# Northern flight boat blind



## warrenwaterfowler (Aug 31, 2007)

Has anyone used the Cabela's Northern Flight fold down boat blind? I'm looking to buy one and want some feedback on how they've performed.

Bought a boat just days before the season started last year.(had some last minute problems with the boat we had...don't ask) Love the boat, but the blind my brother and I built for it does it no justice. 

Thanks for the feedback

-WarrenWaterfowler


----------



## ironmachineus (Dec 22, 2005)

I've had one for two years on a 14' Mirrocraft V hull. It works fine, looks fine, hides fine. I think it's a pretty good deal. I would recommend installing the top part of the shadowgrass 6" over the top of the rail, and folding it down inside the blind, instead of lining it up. This eliminates the straight edge at the top. Also, drill a couple of extra holes in the adjustment bar to give yourself extra adjustment heights.


----------



## William H Bonney (Jan 14, 2003)

I was all ready to buy one,,, until I sat in one at Cabela's. Not a real good design, IMO. It "scissors" up from the sides of the boat, to the middle. So it's basically "closed" at the top with no way to see out. My dad has an Avery,,, it's pretty nice.


----------



## Duckbuster (Aug 6, 2001)

I"ve had the Northern Flight blind for 3 years now. It's been worth every cent. The top opening is adjustable, and the blind is held in place by 4 pins. The example blind in the store shows the blind with the smallest operning you can have. Also, when covered with fastgrass, the blind covers the boat quite nicely.


----------



## Quaaack (Nov 22, 2007)

I've got one. I like it. As previously mentioned you will need to drill some more holes to adjust the anlge of the sides which determines your upper opening. Just take your time fitting it to your boat. It pretty much is a universal frame which requires some paitence getting to your likings. It trailers okay, although the grass will need to be replaced in a couple of years, but what blind does not, with the fast grass. If you get the cold weather with the rain fly top, it does keef you verry warm, dry and concealed. 

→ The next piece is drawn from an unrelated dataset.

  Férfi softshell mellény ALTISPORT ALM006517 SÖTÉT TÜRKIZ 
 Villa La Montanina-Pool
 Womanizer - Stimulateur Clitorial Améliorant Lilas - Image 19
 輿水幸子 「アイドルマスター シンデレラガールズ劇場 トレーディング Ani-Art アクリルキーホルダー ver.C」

If I was looking for a blind again I would buy it again. 

As with any boat blind you will have to modify it to your likings and your boat specs. 

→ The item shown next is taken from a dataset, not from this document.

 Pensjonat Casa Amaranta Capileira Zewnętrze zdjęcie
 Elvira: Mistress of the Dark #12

Bottom line...........for $500 its a good deal.


----------



## north-bound (Nov 20, 2007)

i have one on my 14 ft lowe. i only had one problem with it but it was a easy fix. i believe somebody already mentioned it but i drilled some extra holes in the support bar for more adjusting. it also folds down nicely for travel. i like the blind alot and would not hesitate to buy one again.


----------



## smets24 (Dec 7, 2004)

Make sure you buy the flip top and the screws and pins are not stainless. They will rust on you. Set up at first takes a bit of time but you can take on and off in a minute or less. Save all the pieces because if you upgrade to a different boat the extra pieces will com in handy. I read a post earlier that they scissor but, it is adjustable. Add the extra holes. Read Cabela's reviews they used to be on-line.


Smets


----------



## mykass (Oct 6, 2005)

Check Macks I think you can get an avery for that. Ill check when I get home. By the way I have an avery quick set on my wareagle and love it.


----------



## DiptheNet (Sep 1, 2004)

I have this one, works great. Easy up and down. Drops down and clears for running with no problems. http://www.fisherbeavertail.com/1800series.html


----------



## bender (Nov 10, 2005)

dont know how long your boat is, but theres a beavertail 1600 boat blind for sale on grand rapids craigslist for $350 right now.


----------



## warrenwaterfowler (Aug 31, 2007)

Thanks alot for the feedback. It looks like overall most of you who use this blind like it. I think I'm going to go ahead and get one. Anybody have any Cabela's coupons they aren't planning on using?


----------



## bender (Nov 10, 2005)

warrenwaterfowler said:


> Anybody have any Cabela's coupons they aren't planning on using?


 
i have a $20 off $100+ purchase one at home... if you can wait until 6'ish tonight. :chillin:


----------